Abortion restrictions would force physicians to make the most medically sound decision for their patients. "[Amendment 1] could put doctors in an untenable position to deny the benefits required to women whose pregnancy is threatening their health," explains Dr. Banfield. "Doctors can not always predict the course of medical conditions or complications, or how quickly they can lead to mild health problems, serious injury, or even death." free of political interference in the relationship between patient and doctor. "

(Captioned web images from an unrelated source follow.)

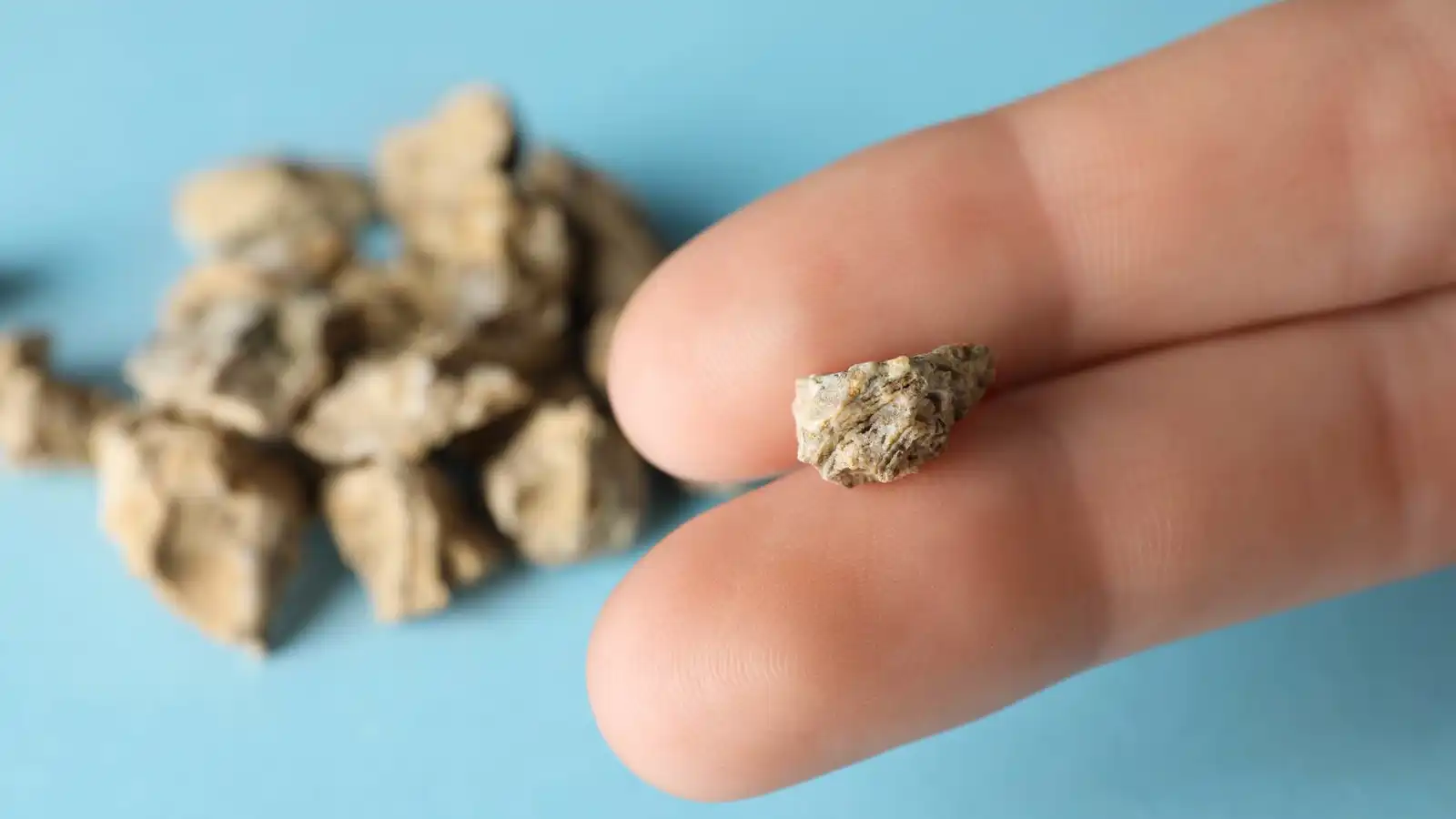 العلاجات المنزلية أم الطبية.. ما الأفضل للتعامل مع حصى الكلى؟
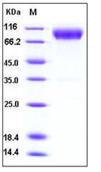 SDS-PAGE - Recombinant mouse CD200R protein (Fc Chimera His Tag) (AB276795), expandable thumbnail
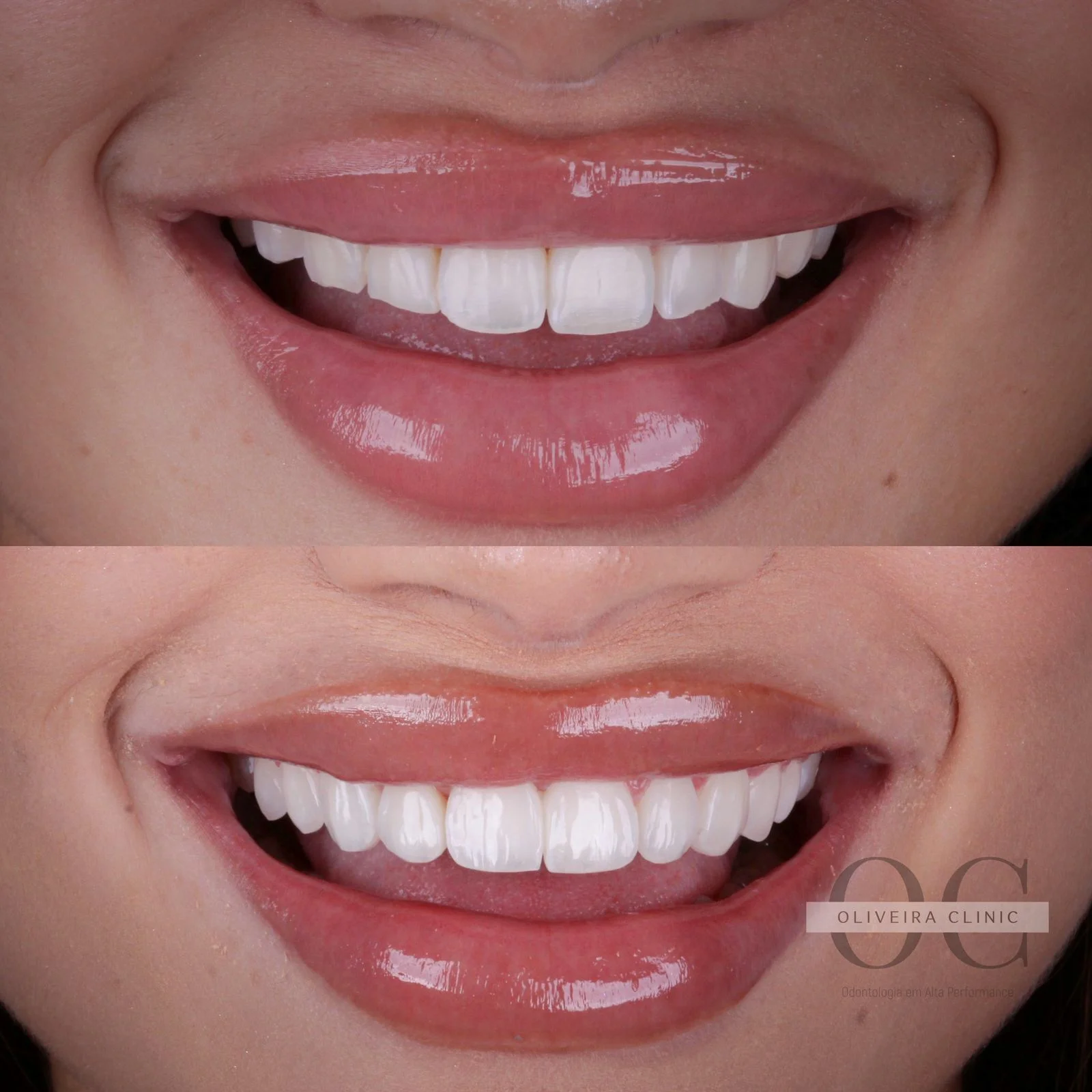 Antes e depois — Sorriso Feminino Harmônico na Oliveira Clinic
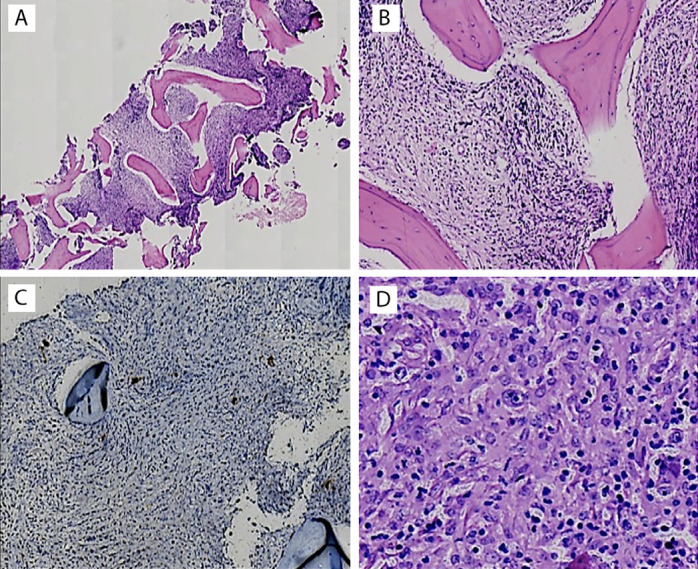 Successful Treatment of Childhood Hodgkin Lymphoma and Secondary Myelofibrosis Resistant to Intensive Therapy, Including Allogeneic Transplantation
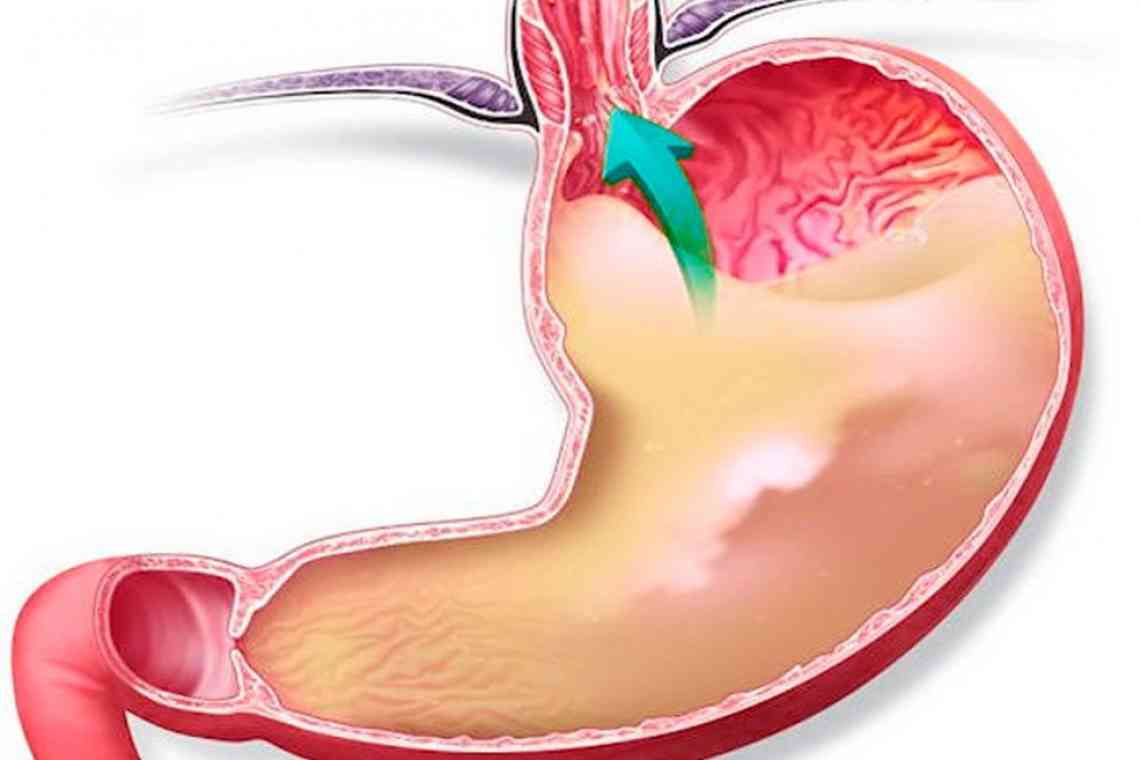 Підвищена кислотність шлунка: клінічна картина і лікування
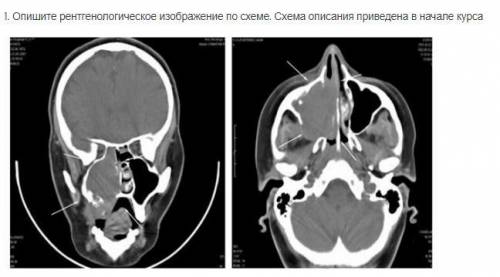 Кому не сложно выполните задание по схеме. Задание на фото Вот сама схема: 1. Объект исследования (в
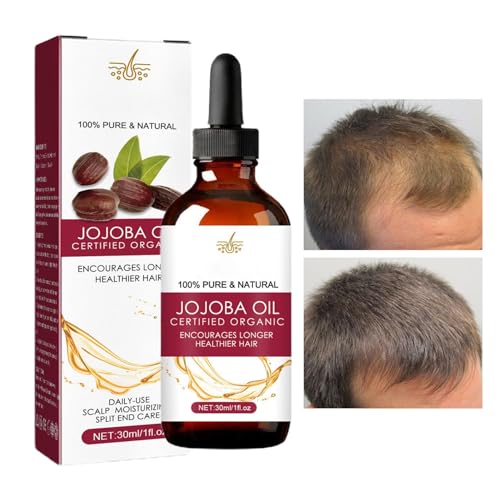 Aceite de crecimiento del cabello: aceite para el cabello natural para mujeres y hombres, aceite de cabello disperso | Nurishing Jojoba Oil, aceite de densidad capilar anti-frytis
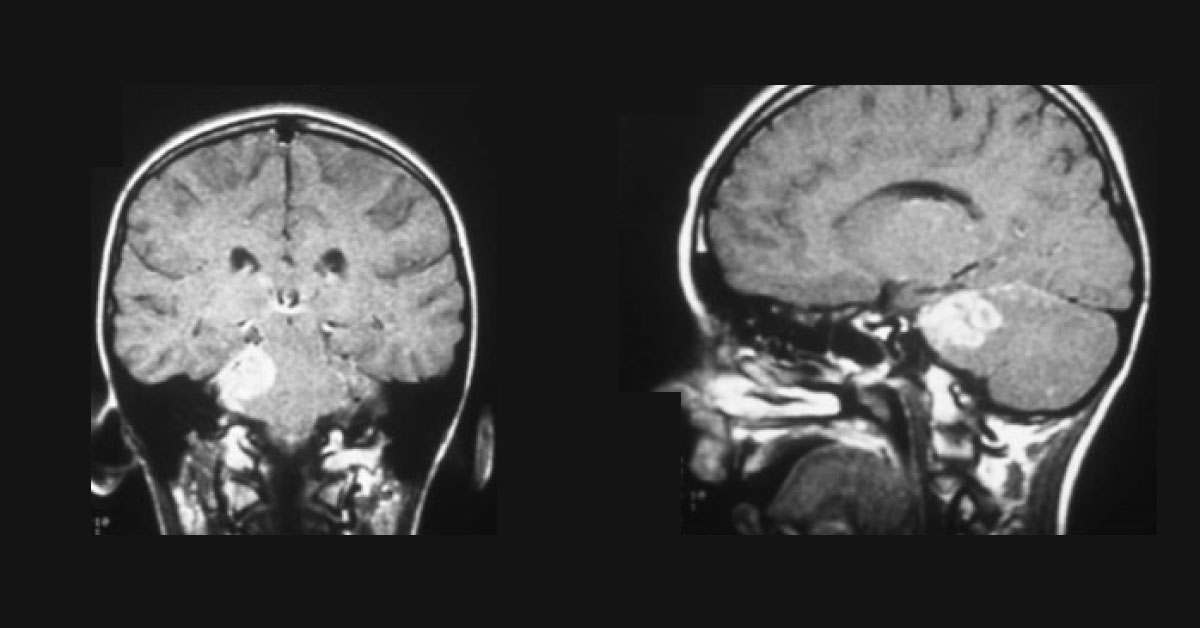What Does This MRI Reveal?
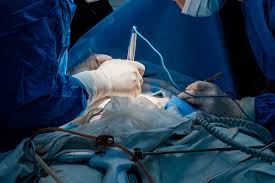 Surgical Instruments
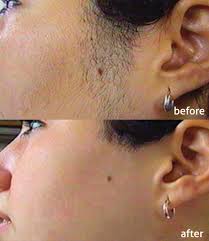 Laser hair removal, kingston is like no other laser hair removal clinic in london. Ipl Permanent Laser Hair Removal South London Light Fantastic Ipl Cinic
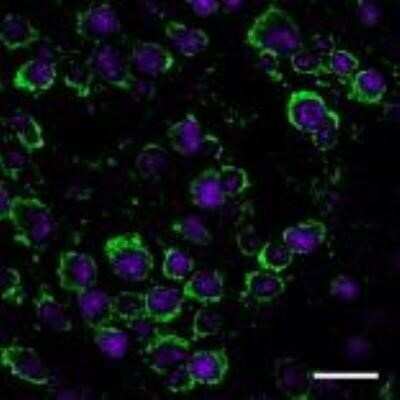 Immunocytochemistry: Dopamine D1R/DRD1 Antibody (SG2-D1a) - Azide and BSA Free [NBP2-80700]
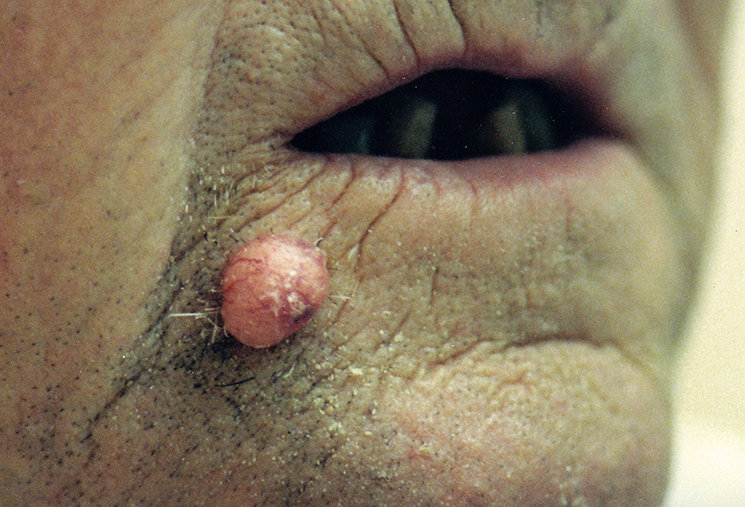 Basal Cell Carcinoma of the Lip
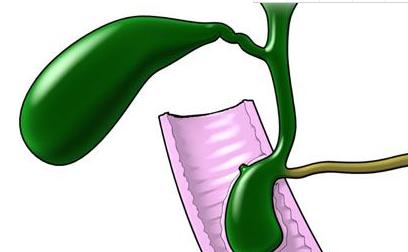 急性胆囊炎我们该如何治疗?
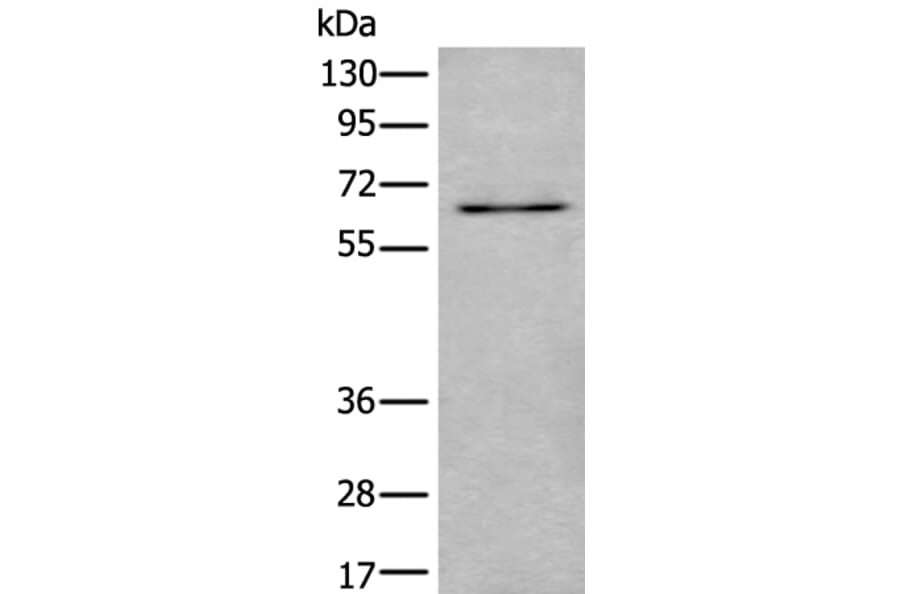 UBQLN2 Antibody from Signalway Antibody (43986) - Antibodies.com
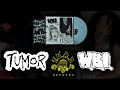 Wbi  tumor  split lp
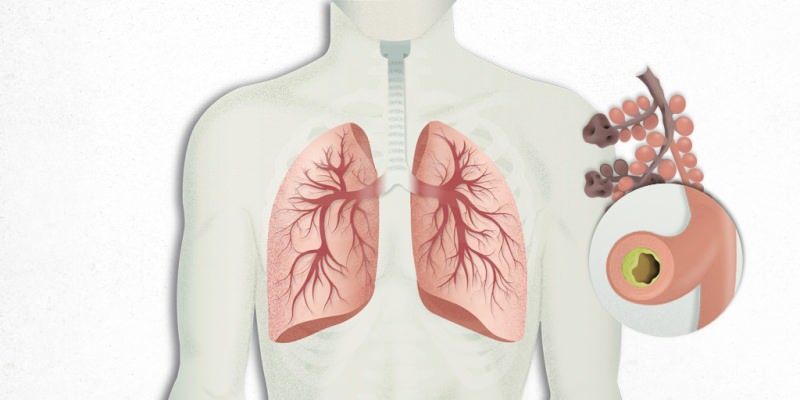 keuhkoihin asettuva virus sekoittuu keuhkokuumeen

Doctors are also concerned about how laws that restrict and exploit abortion will hit disadvantaged women already facing barriers to treatment." We can not ignore that Amendment 1 in West Virginia and Amendment 2 in Alabama will unduly harm women in color and low-income women. "Dawn Laguens, executive vice president and chief brand officer of the Planned Parenthood Federation of America (PPFA) and the Planned Parenthood Action Fund (PPAF), says in a statement SELF

There is also concern that women could use dangerous means of abortion to restrict safe and legal access should they be restricted or illegal, women resort to unsafe methods to stop unwanted pregnancies, including self-inflicted abdominal and body trauma, ingestion of hazardous chemicals, self-medication with a variety of medications and confidence in non-qualified abortion providers. " Banfield says.

The future of abortion in West Virginia and Alabama is currently unclear. But the fact that they join 19459004 so many other states with similar laws that could be used to restrict the legal status of abortion – along with the unresolved threats to do so the out White came to house – meaning that the debate over reproductive care for women is more than ever before.